■ Exercise description
Transcribe exactly, and without pictures, the lines from the one that contains "TUI BLUE NHA" through the last line of the material.

■ Information shown

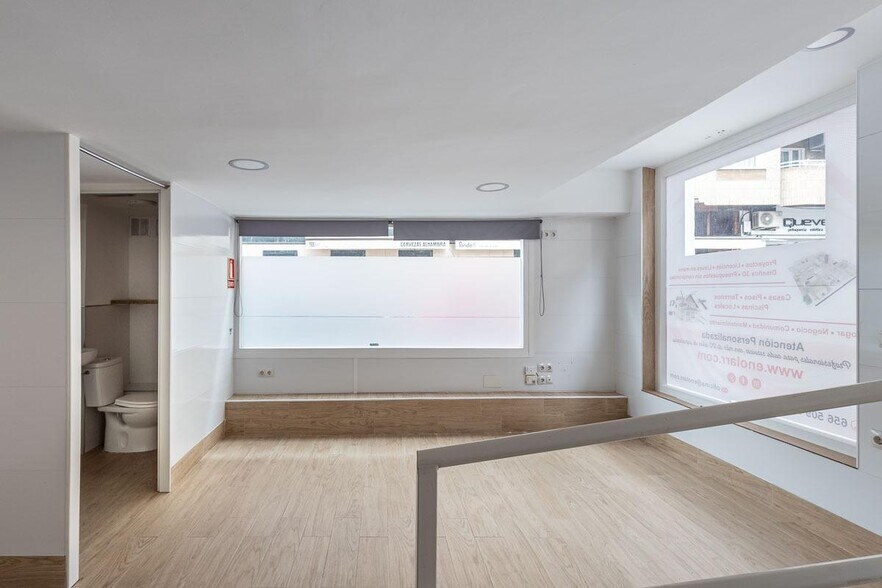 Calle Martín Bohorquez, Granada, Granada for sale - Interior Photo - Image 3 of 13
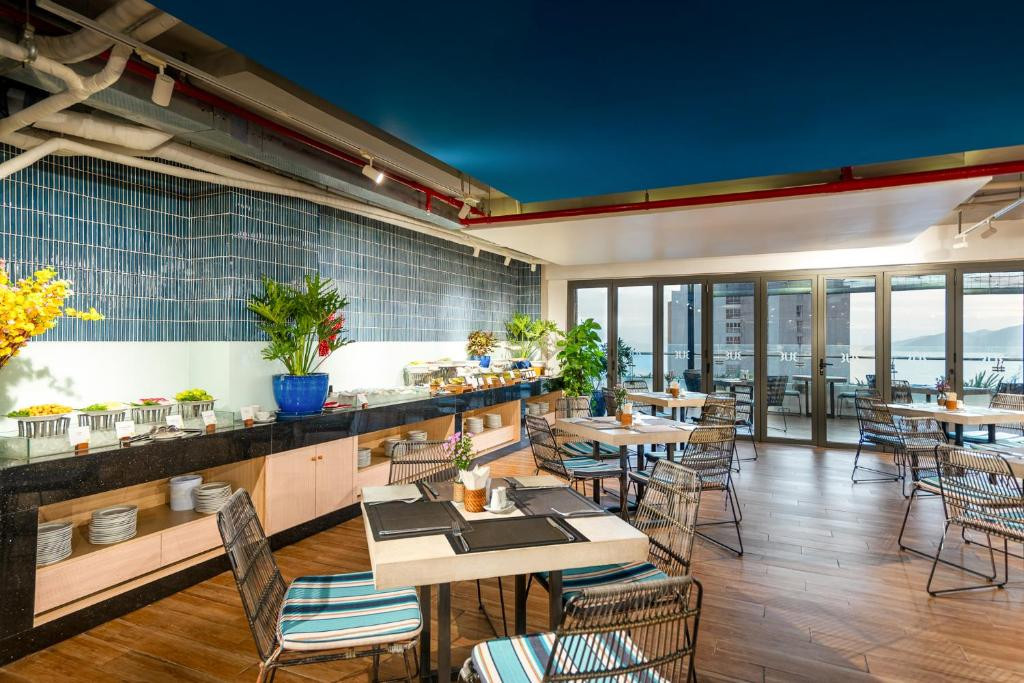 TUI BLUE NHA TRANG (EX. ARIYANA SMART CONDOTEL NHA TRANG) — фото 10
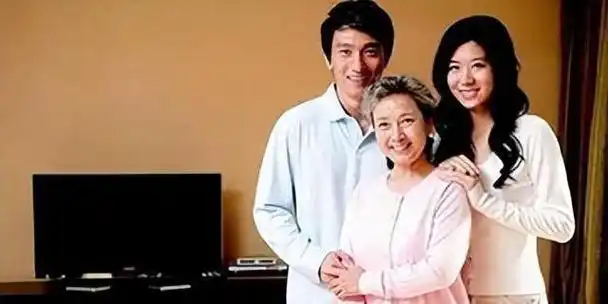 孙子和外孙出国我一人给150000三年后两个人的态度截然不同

■ Completed exercise
 TUI BLUE NHA TRANG (EX. ARIYANA SMART CONDOTEL NHA TRANG) — фото 10
 孙子和外孙出国我一人给150000三年后两个人的态度截然不同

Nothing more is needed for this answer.